BEGIN RAW DATA

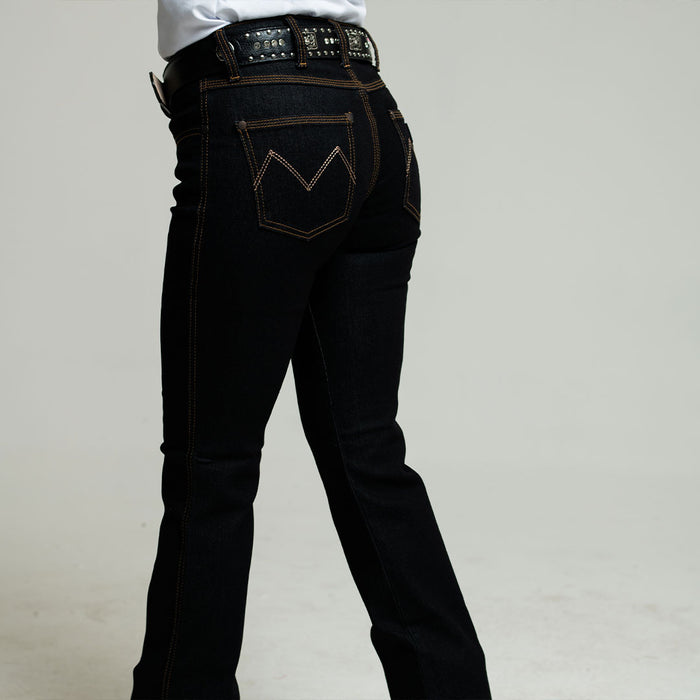 Pantalón V Tex Cintura Alta Trama 006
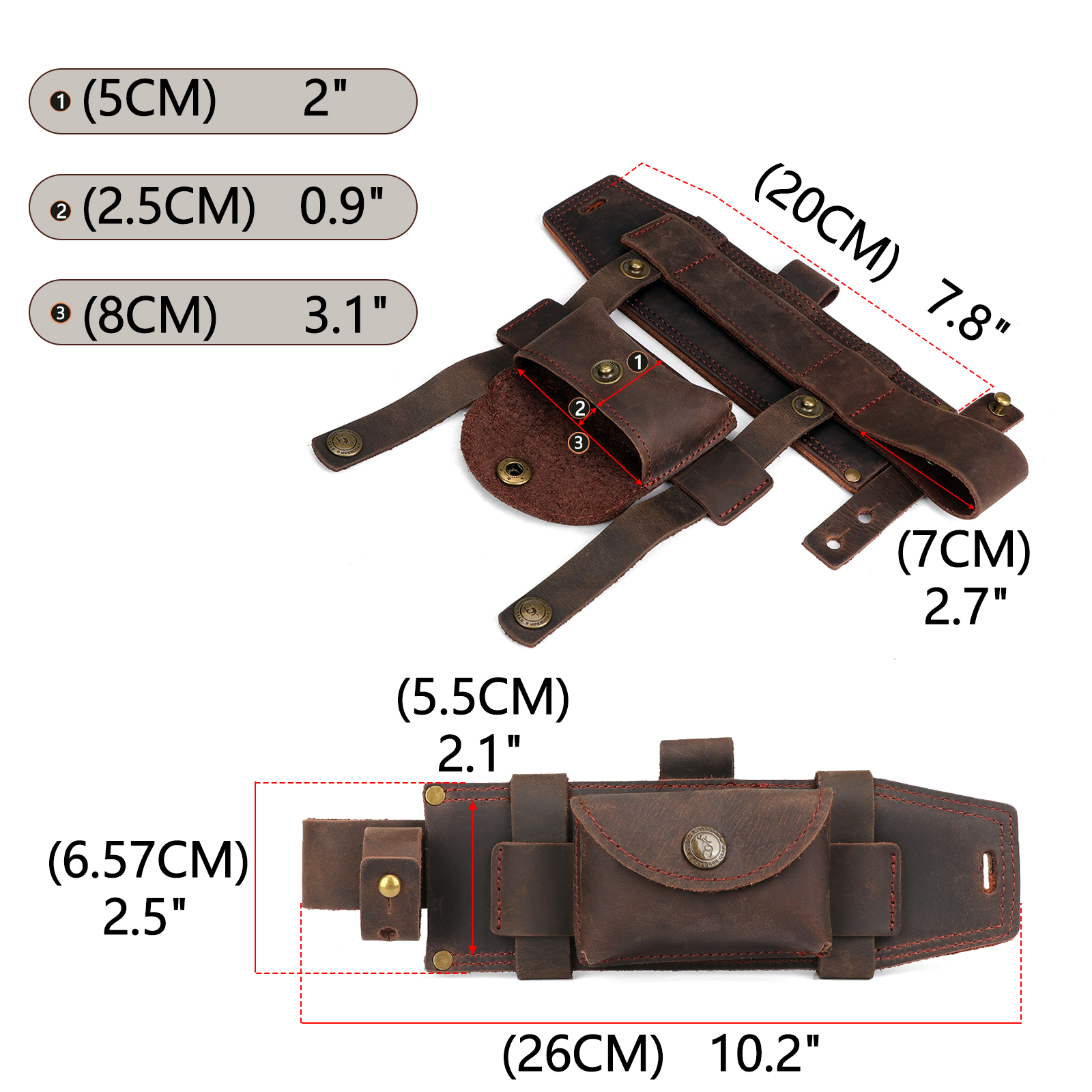 Tourbon Camping Leather thKnif - Bushcraft Knife Fixed 评论和价格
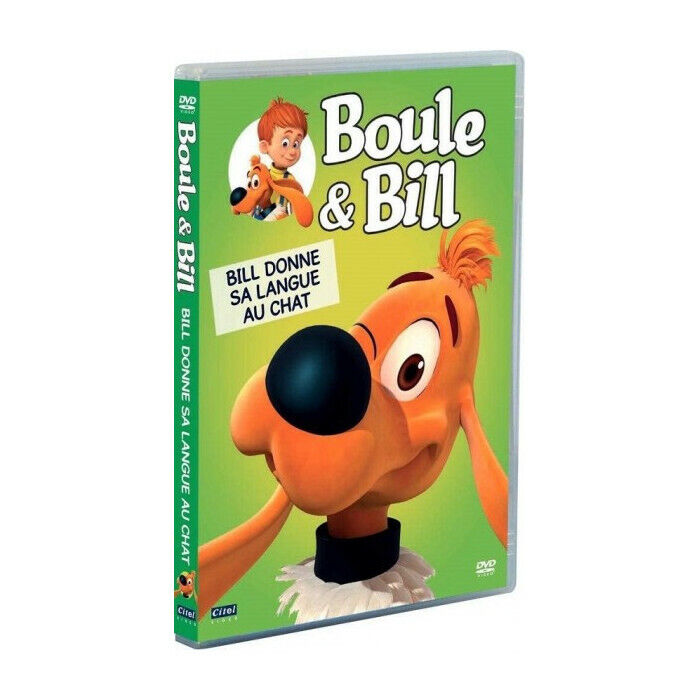 Sfera & Bill Stagione 1 Volume 3 Bill Dà Lingua A Gatto DVD Nuova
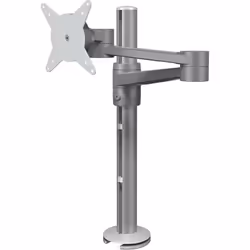 Dataflex Viewlite bras support écran - bureau 122, Pince/boulon, 8 kg, 61 cm (24"), 100 x 100 mm, Réglage de la hauteur, Arge ...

END RAW DATA

Copy out the data verbatim, with no pictures.

 Pantalón V Tex Cintura Alta Trama 006
 Tourbon Camping Leather thKnif - Bushcraft Knife Fixed 评论和价格
 Sfera & Bill Stagione 1 Volume 3 Bill Dà Lingua A Gatto DVD Nuova
 Dataflex Viewlite bras support écran - bureau 122, Pince/boulon, 8 kg, 61 cm (24"), 100 x 100 mm, Réglage de la hauteur, Arge ...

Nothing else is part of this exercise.